━━ Supplied information

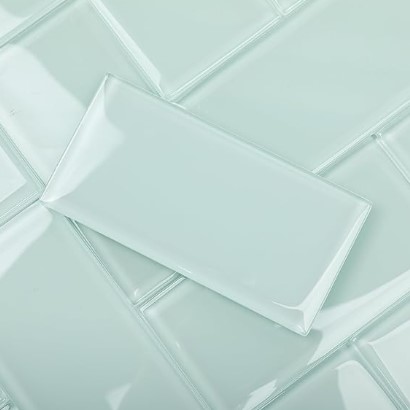 7 Coastal Kitchen Backsplash Ideas for a Style Boost Glass Subway Tile, Glass Tiles 3x6 Inch for Kitchen Backsplash Bathroom Shower Wall Ice Age (32 Pcs, 4 sq.ft.)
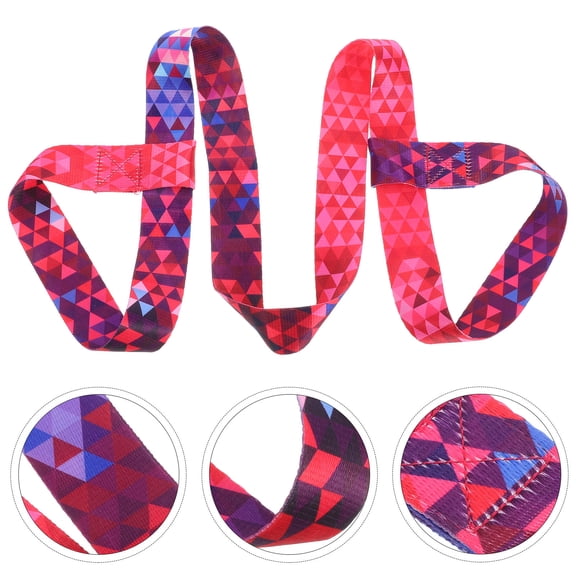 FUEENIRVA Simple Design  Adjustable Ski Boot Straps Polyester Cotton Multi 1Pcs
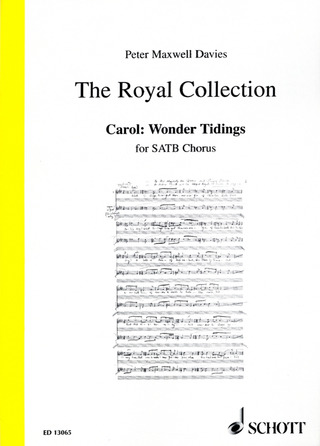 Peter Maxwell Davies - Carol: Wonder Tidings (2006)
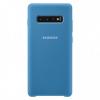 Силиконов кейс Silicone Cover за Samsung Galaxy S10 Plus - син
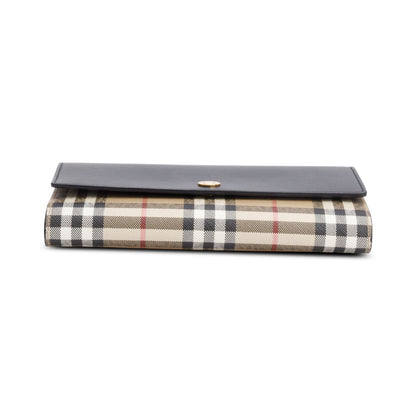 Burberry Black Calfskin Vintage Check Hampshire Crossbody Bag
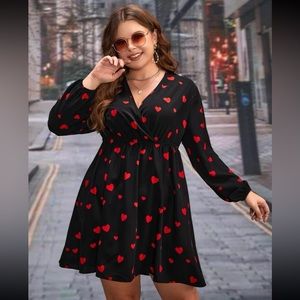 Heart print dress ❤️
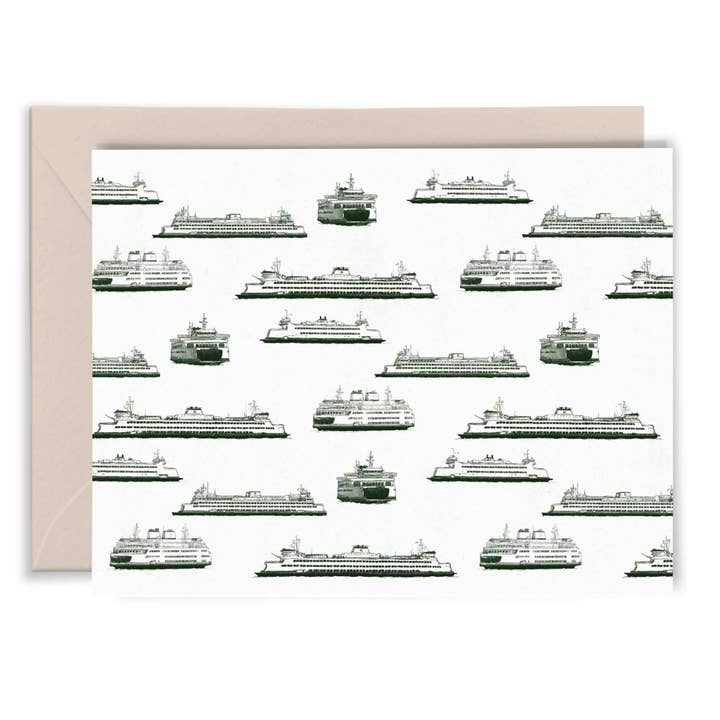 Ferry Pattern Card voor wholesale door Apricity Press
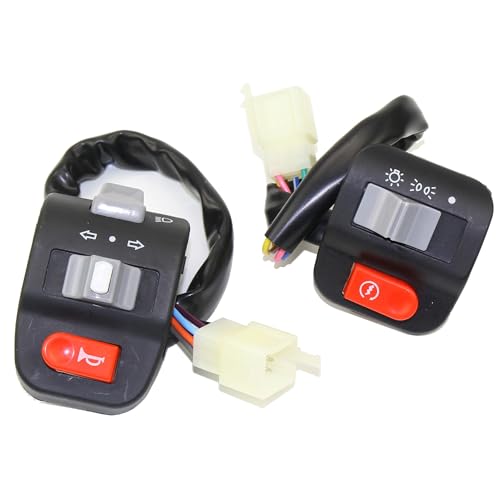 �o�C�N�p���C�g�X�C�b�` Compatible With Yamaha �n���h���o�[�X�C�b�` 1�y�A �R���g���[���[ �d�����]�� �X�N�[�^�[ �M�� �d���t�H�O���C�g �z�[�� ON-OFF�{�^���X�C�b�`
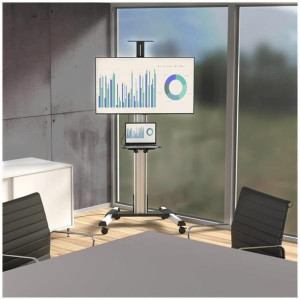 Carrello TV per Schermo da 32  a 70  - Regolazione Altezza One-Touch - Carrello Mobile per TV - VESA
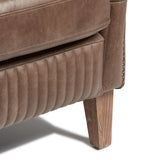 Crosby Leather Armchair - Dark Vellum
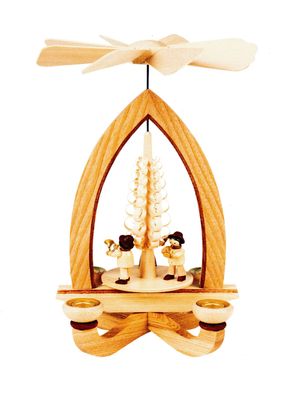 Pyramide Spanbaumpyramide mit Bläsertrio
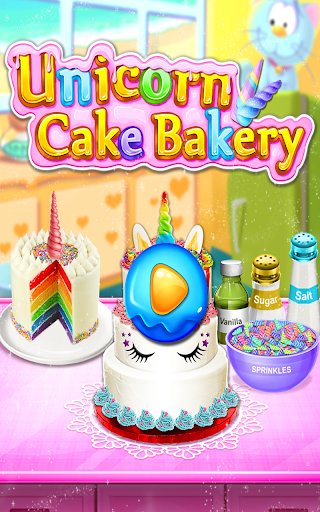 Android application Unicorn Sweet Cake Bakery screenshort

━━━━

Exercise prompt »
All lines from the one holding "FUEENIRVA Simple Design" through the last line of the material above should be set down exactly, and the pictures should be left out.

Your response »
 FUEENIRVA Simple Design  Adjustable Ski Boot Straps Polyester Cotton Multi 1Pcs
 Peter Maxwell Davies - Carol: Wonder Tidings (2006)
 Силиконов кейс Silicone Cover за Samsung Galaxy S10 Plus - син
 Burberry Black Calfskin Vintage Check Hampshire Crossbody Bag
 Heart print dress ❤️
 Ferry Pattern Card voor wholesale door Apricity Press
 �o�C�N�p���C�g�X�C�b�` Compatible With Yamaha �n���h���o�[�X�C�b�` 1�y�A �R���g���[���[ �d�����]�� �X�N�[�^�[ �M�� �d���t�H�O���C�g �z�[�� ON-OFF�{�^���X�C�b�`
 Carrello TV per Schermo da 32  a 70  - Regolazione Altezza One-Touch - Carrello Mobile per TV - VESA
 Crosby Leather Armchair - Dark Vellum
 Pyramide Spanbaumpyramide mit Bläsertrio
 Android application Unicorn Sweet Cake Bakery screenshort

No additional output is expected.